Throughout his life Kirchner vehemently denied being influenced or inspired by the French avant-gardists and was deeply suspicious of comparative critiques or claims of his involvement with his contemporaries across Europe. Though he never travelled to Paris, in the early years of the 20th Century, the Brücke artists were exposed to a variety of exhibitions of their French contemporaries’ work. In January 1909, just a few months before he painted the present work, Kirchner had seen an exhibition of Henri Matisse’s work held at Paul Cassirer’s gallery in Berlin. The Fauvist’s complete rejection of traditional pictorial techniques–tonal shading, perspective and descriptive color–and use of heightened, often unnatural and unmixed color applied with loose brushstrokes had a definite effect on Kirchner’s own artistic vocabulary, enabling him to develop and further his own pictorial explorations. Indeed, Im See badende Mädchen, Moritzburg demonstrates the way in which Kirchner took the developments from across the continent and used them to forge his own style. The simplification of form and primitive immediacy with which he has constructed the composition of this painting are more extreme than Matisse’s own work from this period. Although painted in 1909 Kirchner pre-dated the present work to 1907, attempting to discredit and falsify claims that he had been influenced by the great Fauve and instead maintain that he was working completely independently in the development of his own style.

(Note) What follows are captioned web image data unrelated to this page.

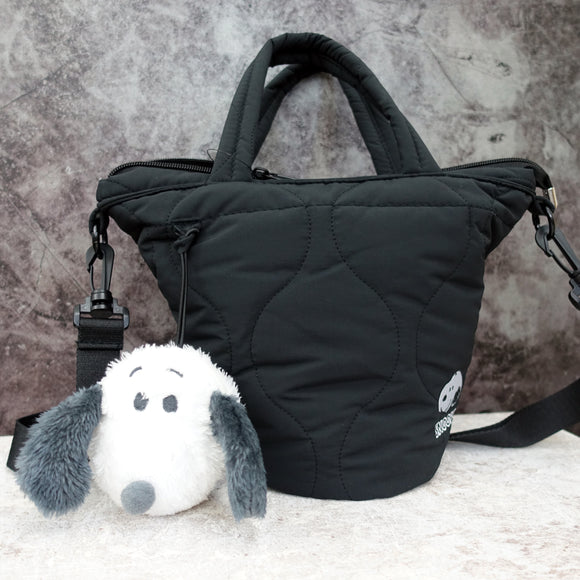 Peanuts Snoopy Mini Crossbody Tote Bag (Black)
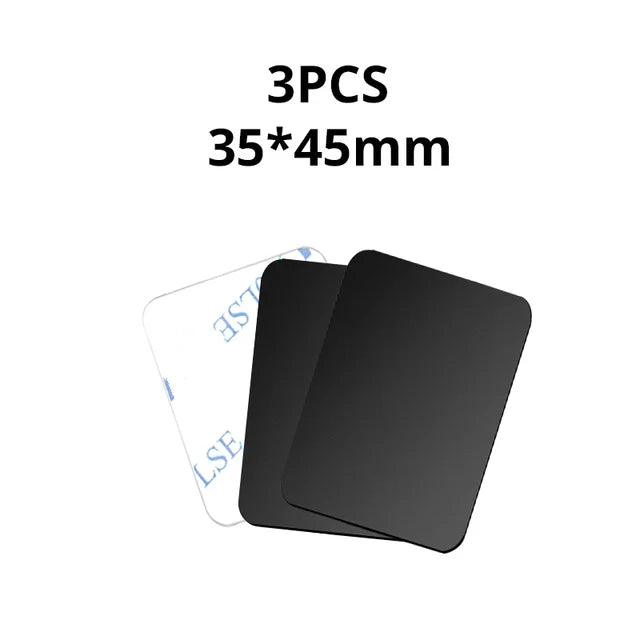 Universal Metal Plate Kit for Magnetic Car Mount – Adhesive Mobile Phone Holder Replacement for Xiaomi and All Smartphones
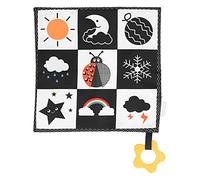 Almeigrity Manta de Seguridad rellena calmante para bebé, Manta Cuadrada de Animales con Campana mordedora para niños pequeños (Estilo Mariquita)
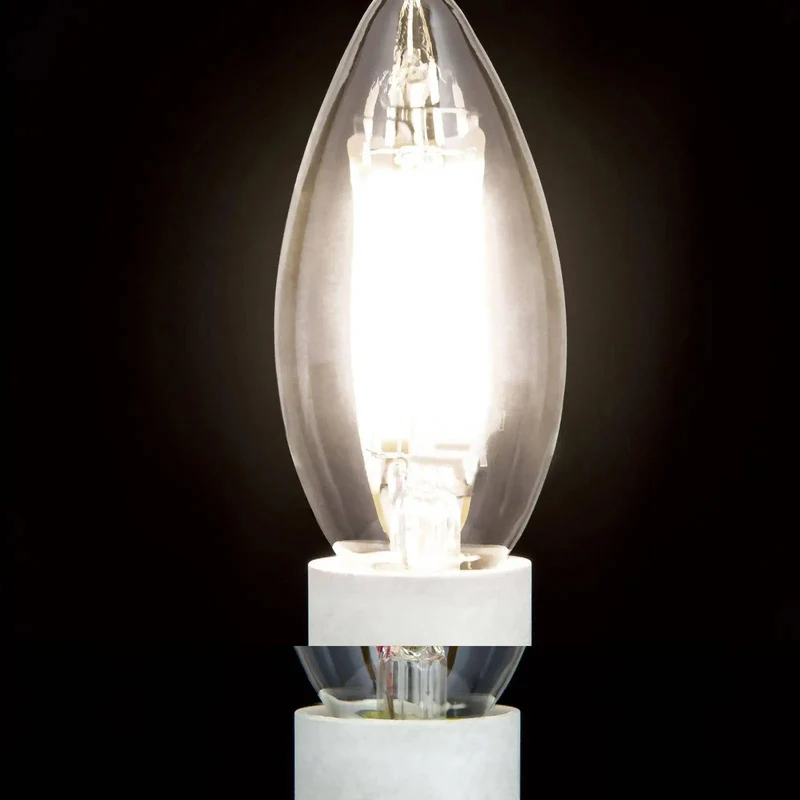 LED Kerze, E14, 5W klar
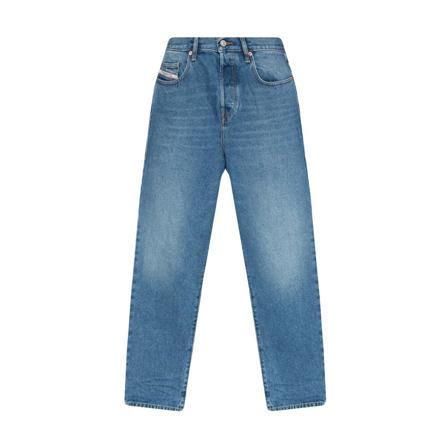 Diesel, Straight Jeans Blauw, Heren, Maat:W30 L30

Just a few months before Kirchner travelled to Moritzburg, he had also seen one of Paul Cézanne’s monumental series of nude bathers at the 1909 Berlin Secession (The Large Bathers, 1900-1906, Philadelphia Museum of Art). This large work, in which a group of nudes are arranged within the landscape, encapsulated Cézanne’s explorations into this theme, as he sought to attain a harmonious relationship of forms within space. While some of the paintings in Kirchner’s series of Moritzburg bathers have been likened to Cézanne’s monumental painting, works such as Im See badende Mädchen, Moritzburg recall not an antique classical era, nor an exotic, foreign idyll, but are by contrast, unequivocally contemporary, a vital and immediate encapsulation and expression of the symbiotic relationship between artist, model and setting that all coalesced in perfect accord during the idyllic summer of 1909.